Every line in the data must be transcribed exactly.

━━ Exercise data ━━

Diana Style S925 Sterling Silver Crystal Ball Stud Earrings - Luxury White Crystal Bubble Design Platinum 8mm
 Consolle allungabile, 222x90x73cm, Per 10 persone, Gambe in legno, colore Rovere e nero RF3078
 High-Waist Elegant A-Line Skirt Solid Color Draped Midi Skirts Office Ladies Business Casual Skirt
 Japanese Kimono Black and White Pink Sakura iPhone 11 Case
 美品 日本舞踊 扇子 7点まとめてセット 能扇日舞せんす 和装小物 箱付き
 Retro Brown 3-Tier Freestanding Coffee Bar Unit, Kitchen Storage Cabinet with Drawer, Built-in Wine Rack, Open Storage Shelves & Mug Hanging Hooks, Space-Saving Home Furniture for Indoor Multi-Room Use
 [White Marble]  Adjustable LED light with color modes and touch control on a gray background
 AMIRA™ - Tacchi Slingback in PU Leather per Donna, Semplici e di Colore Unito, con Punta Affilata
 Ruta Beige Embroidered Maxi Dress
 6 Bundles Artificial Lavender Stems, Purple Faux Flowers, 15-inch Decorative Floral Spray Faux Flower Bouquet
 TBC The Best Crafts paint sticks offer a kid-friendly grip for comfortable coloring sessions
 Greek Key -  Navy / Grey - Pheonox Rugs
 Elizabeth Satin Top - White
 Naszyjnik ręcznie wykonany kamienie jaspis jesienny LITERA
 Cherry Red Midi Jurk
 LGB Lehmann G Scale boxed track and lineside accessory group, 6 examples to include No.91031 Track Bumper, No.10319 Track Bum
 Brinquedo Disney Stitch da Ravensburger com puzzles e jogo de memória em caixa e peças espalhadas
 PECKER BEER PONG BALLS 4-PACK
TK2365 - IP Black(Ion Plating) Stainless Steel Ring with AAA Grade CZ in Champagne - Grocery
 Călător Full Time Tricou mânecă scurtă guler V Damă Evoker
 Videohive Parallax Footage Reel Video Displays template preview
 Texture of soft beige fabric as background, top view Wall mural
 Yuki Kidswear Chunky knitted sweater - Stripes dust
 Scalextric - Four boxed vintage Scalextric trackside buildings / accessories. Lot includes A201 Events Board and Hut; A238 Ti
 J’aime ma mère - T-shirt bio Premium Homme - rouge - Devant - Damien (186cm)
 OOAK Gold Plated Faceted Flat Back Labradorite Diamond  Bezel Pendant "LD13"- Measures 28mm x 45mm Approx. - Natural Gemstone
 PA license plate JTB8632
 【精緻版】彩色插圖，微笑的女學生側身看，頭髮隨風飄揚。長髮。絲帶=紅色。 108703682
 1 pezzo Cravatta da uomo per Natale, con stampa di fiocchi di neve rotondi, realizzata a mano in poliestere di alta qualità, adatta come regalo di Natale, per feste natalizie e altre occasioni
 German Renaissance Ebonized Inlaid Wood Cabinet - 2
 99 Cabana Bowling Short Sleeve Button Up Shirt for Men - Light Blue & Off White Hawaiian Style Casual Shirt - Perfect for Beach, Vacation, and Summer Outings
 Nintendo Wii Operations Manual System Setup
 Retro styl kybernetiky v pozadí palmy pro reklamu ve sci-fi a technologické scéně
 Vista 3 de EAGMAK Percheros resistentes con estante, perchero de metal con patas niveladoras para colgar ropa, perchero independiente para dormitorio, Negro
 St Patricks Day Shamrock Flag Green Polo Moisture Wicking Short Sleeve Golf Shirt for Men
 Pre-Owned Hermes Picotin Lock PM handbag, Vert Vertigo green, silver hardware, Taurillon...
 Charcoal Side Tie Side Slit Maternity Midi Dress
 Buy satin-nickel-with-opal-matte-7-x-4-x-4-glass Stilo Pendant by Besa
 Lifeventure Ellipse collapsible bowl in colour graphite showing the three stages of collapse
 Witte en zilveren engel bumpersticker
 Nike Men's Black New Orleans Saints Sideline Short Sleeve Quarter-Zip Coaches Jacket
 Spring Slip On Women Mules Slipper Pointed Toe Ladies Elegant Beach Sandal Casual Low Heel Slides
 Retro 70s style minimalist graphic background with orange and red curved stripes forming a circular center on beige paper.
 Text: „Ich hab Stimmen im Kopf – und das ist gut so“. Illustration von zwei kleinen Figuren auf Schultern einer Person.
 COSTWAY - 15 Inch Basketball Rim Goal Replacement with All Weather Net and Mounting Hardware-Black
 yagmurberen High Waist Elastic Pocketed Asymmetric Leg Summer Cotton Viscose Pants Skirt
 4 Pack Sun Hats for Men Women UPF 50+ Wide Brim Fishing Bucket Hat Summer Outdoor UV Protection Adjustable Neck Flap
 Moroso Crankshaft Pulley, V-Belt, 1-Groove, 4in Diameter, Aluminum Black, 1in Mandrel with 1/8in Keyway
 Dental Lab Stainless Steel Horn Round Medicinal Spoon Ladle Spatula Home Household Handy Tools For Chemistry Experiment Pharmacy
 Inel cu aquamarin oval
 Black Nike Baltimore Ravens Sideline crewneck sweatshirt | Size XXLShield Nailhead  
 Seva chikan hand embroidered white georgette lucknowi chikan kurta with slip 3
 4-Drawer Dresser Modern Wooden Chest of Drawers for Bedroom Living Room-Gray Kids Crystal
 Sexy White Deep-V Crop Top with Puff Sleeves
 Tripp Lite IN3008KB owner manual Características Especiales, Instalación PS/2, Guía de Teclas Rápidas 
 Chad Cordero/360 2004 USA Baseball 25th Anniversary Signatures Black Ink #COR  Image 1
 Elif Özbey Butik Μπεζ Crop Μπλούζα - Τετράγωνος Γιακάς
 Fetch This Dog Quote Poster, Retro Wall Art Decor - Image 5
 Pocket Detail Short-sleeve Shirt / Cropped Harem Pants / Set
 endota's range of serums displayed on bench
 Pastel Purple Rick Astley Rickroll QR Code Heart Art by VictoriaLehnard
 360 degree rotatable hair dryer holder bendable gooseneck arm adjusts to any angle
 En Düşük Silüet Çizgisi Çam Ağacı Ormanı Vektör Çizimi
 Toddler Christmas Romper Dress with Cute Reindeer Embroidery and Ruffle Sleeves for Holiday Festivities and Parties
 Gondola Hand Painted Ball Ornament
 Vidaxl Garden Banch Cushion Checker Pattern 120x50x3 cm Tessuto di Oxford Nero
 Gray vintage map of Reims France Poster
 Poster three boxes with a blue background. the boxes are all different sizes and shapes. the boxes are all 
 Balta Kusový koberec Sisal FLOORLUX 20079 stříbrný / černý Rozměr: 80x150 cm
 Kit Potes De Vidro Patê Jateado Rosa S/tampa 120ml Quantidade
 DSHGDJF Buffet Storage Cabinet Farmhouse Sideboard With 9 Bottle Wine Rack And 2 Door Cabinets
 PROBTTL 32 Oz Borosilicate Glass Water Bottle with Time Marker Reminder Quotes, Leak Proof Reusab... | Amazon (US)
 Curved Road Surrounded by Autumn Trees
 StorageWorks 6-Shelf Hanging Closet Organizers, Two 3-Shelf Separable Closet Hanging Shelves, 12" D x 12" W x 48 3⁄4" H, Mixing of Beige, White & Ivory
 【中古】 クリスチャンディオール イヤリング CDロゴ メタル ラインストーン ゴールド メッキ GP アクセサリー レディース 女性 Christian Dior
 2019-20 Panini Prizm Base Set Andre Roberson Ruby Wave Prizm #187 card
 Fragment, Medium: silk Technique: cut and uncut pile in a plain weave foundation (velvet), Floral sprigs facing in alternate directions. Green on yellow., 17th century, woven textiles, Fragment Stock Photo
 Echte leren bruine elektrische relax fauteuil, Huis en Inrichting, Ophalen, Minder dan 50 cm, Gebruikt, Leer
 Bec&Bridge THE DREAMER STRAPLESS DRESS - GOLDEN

━━━

### Written response
Diana Style S925 Sterling Silver Crystal Ball Stud Earrings - Luxury White Crystal Bubble Design Platinum 8mm
 Consolle allungabile, 222x90x73cm, Per 10 persone, Gambe in legno, colore Rovere e nero RF3078
 High-Waist Elegant A-Line Skirt Solid Color Draped Midi Skirts Office Ladies Business Casual Skirt
 Japanese Kimono Black and White Pink Sakura iPhone 11 Case
 美品 日本舞踊 扇子 7点まとめてセット 能扇日舞せんす 和装小物 箱付き
 Retro Brown 3-Tier Freestanding Coffee Bar Unit, Kitchen Storage Cabinet with Drawer, Built-in Wine Rack, Open Storage Shelves & Mug Hanging Hooks, Space-Saving Home Furniture for Indoor Multi-Room Use
 [White Marble]  Adjustable LED light with color modes and touch control on a gray background
 AMIRA™ - Tacchi Slingback in PU Leather per Donna, Semplici e di Colore Unito, con Punta Affilata
 Ruta Beige Embroidered Maxi Dress
 6 Bundles Artificial Lavender Stems, Purple Faux Flowers, 15-inch Decorative Floral Spray Faux Flower Bouquet
 TBC The Best Crafts paint sticks offer a kid-friendly grip for comfortable coloring sessions
 Greek Key -  Navy / Grey - Pheonox Rugs
 Elizabeth Satin Top - White
 Naszyjnik ręcznie wykonany kamienie jaspis jesienny LITERA
 Cherry Red Midi Jurk
 LGB Lehmann G Scale boxed track and lineside accessory group, 6 examples to include No.91031 Track Bumper, No.10319 Track Bum
 Brinquedo Disney Stitch da Ravensburger com puzzles e jogo de memória em caixa e peças espalhadas
 PECKER BEER PONG BALLS 4-PACK
TK2365 - IP Black(Ion Plating) Stainless Steel Ring with AAA Grade CZ in Champagne - Grocery
 Călător Full Time Tricou mânecă scurtă guler V Damă Evoker
 Videohive Parallax Footage Reel Video Displays template preview
 Texture of soft beige fabric as background, top view Wall mural
 Yuki Kidswear Chunky knitted sweater - Stripes dust
 Scalextric - Four boxed vintage Scalextric trackside buildings / accessories. Lot includes A201 Events Board and Hut; A238 Ti
 J’aime ma mère - T-shirt bio Premium Homme - rouge - Devant - Damien (186cm)
 OOAK Gold Plated Faceted Flat Back Labradorite Diamond  Bezel Pendant "LD13"- Measures 28mm x 45mm Approx. - Natural Gemstone
 PA license plate JTB8632
 【精緻版】彩色插圖，微笑的女學生側身看，頭髮隨風飄揚。長髮。絲帶=紅色。 108703682
 1 pezzo Cravatta da uomo per Natale, con stampa di fiocchi di neve rotondi, realizzata a mano in poliestere di alta qualità, adatta come regalo di Natale, per feste natalizie e altre occasioni
 German Renaissance Ebonized Inlaid Wood Cabinet - 2
 99 Cabana Bowling Short Sleeve Button Up Shirt for Men - Light Blue & Off White Hawaiian Style Casual Shirt - Perfect for Beach, Vacation, and Summer Outings
 Nintendo Wii Operations Manual System Setup
 Retro styl kybernetiky v pozadí palmy pro reklamu ve sci-fi a technologické scéně
 Vista 3 de EAGMAK Percheros resistentes con estante, perchero de metal con patas niveladoras para colgar ropa, perchero independiente para dormitorio, Negro
 St Patricks Day Shamrock Flag Green Polo Moisture Wicking Short Sleeve Golf Shirt for Men
 Pre-Owned Hermes Picotin Lock PM handbag, Vert Vertigo green, silver hardware, Taurillon...
 Charcoal Side Tie Side Slit Maternity Midi Dress
 Buy satin-nickel-with-opal-matte-7-x-4-x-4-glass Stilo Pendant by Besa
 Lifeventure Ellipse collapsible bowl in colour graphite showing the three stages of collapse
 Witte en zilveren engel bumpersticker
 Nike Men's Black New Orleans Saints Sideline Short Sleeve Quarter-Zip Coaches Jacket
 Spring Slip On Women Mules Slipper Pointed Toe Ladies Elegant Beach Sandal Casual Low Heel Slides
 Retro 70s style minimalist graphic background with orange and red curved stripes forming a circular center on beige paper.
 Text: „Ich hab Stimmen im Kopf – und das ist gut so“. Illustration von zwei kleinen Figuren auf Schultern einer Person.
 COSTWAY - 15 Inch Basketball Rim Goal Replacement with All Weather Net and Mounting Hardware-Black
 yagmurberen High Waist Elastic Pocketed Asymmetric Leg Summer Cotton Viscose Pants Skirt
 4 Pack Sun Hats for Men Women UPF 50+ Wide Brim Fishing Bucket Hat Summer Outdoor UV Protection Adjustable Neck Flap
 Moroso Crankshaft Pulley, V-Belt, 1-Groove, 4in Diameter, Aluminum Black, 1in Mandrel with 1/8in Keyway
 Dental Lab Stainless Steel Horn Round Medicinal Spoon Ladle Spatula Home Household Handy Tools For Chemistry Experiment Pharmacy
 Inel cu aquamarin oval
 Black Nike Baltimore Ravens Sideline crewneck sweatshirt | Size XXLShield Nailhead  
 Seva chikan hand embroidered white georgette lucknowi chikan kurta with slip 3
 4-Drawer Dresser Modern Wooden Chest of Drawers for Bedroom Living Room-Gray Kids Crystal
 Sexy White Deep-V Crop Top with Puff Sleeves
 Tripp Lite IN3008KB owner manual Características Especiales, Instalación PS/2, Guía de Teclas Rápidas 
 Chad Cordero/360 2004 USA Baseball 25th Anniversary Signatures Black Ink #COR  Image 1
 Elif Özbey Butik Μπεζ Crop Μπλούζα - Τετράγωνος Γιακάς
 Fetch This Dog Quote Poster, Retro Wall Art Decor - Image 5
 Pocket Detail Short-sleeve Shirt / Cropped Harem Pants / Set
 endota's range of serums displayed on bench
 Pastel Purple Rick Astley Rickroll QR Code Heart Art by VictoriaLehnard
 360 degree rotatable hair dryer holder bendable gooseneck arm adjusts to any angle
 En Düşük Silüet Çizgisi Çam Ağacı Ormanı Vektör Çizimi
 Toddler Christmas Romper Dress with Cute Reindeer Embroidery and Ruffle Sleeves for Holiday Festivities and Parties
 Gondola Hand Painted Ball Ornament
 Vidaxl Garden Banch Cushion Checker Pattern 120x50x3 cm Tessuto di Oxford Nero
 Gray vintage map of Reims France Poster
 Poster three boxes with a blue background. the boxes are all different sizes and shapes. the boxes are all 
 Balta Kusový koberec Sisal FLOORLUX 20079 stříbrný / černý Rozměr: 80x150 cm
 Kit Potes De Vidro Patê Jateado Rosa S/tampa 120ml Quantidade
 DSHGDJF Buffet Storage Cabinet Farmhouse Sideboard With 9 Bottle Wine Rack And 2 Door Cabinets
 PROBTTL 32 Oz Borosilicate Glass Water Bottle with Time Marker Reminder Quotes, Leak Proof Reusab... | Amazon (US)
 Curved Road Surrounded by Autumn Trees
 StorageWorks 6-Shelf Hanging Closet Organizers, Two 3-Shelf Separable Closet Hanging Shelves, 12" D x 12" W x 48 3⁄4" H, Mixing of Beige, White & Ivory
 【中古】 クリスチャンディオール イヤリング CDロゴ メタル ラインストーン ゴールド メッキ GP アクセサリー レディース 女性 Christian Dior
 2019-20 Panini Prizm Base Set Andre Roberson Ruby Wave Prizm #187 card
 Fragment, Medium: silk Technique: cut and uncut pile in a plain weave foundation (velvet), Floral sprigs facing in alternate directions. Green on yellow., 17th century, woven textiles, Fragment Stock Photo
 Echte leren bruine elektrische relax fauteuil, Huis en Inrichting, Ophalen, Minder dan 50 cm, Gebruikt, Leer
 Bec&Bridge THE DREAMER STRAPLESS DRESS - GOLDEN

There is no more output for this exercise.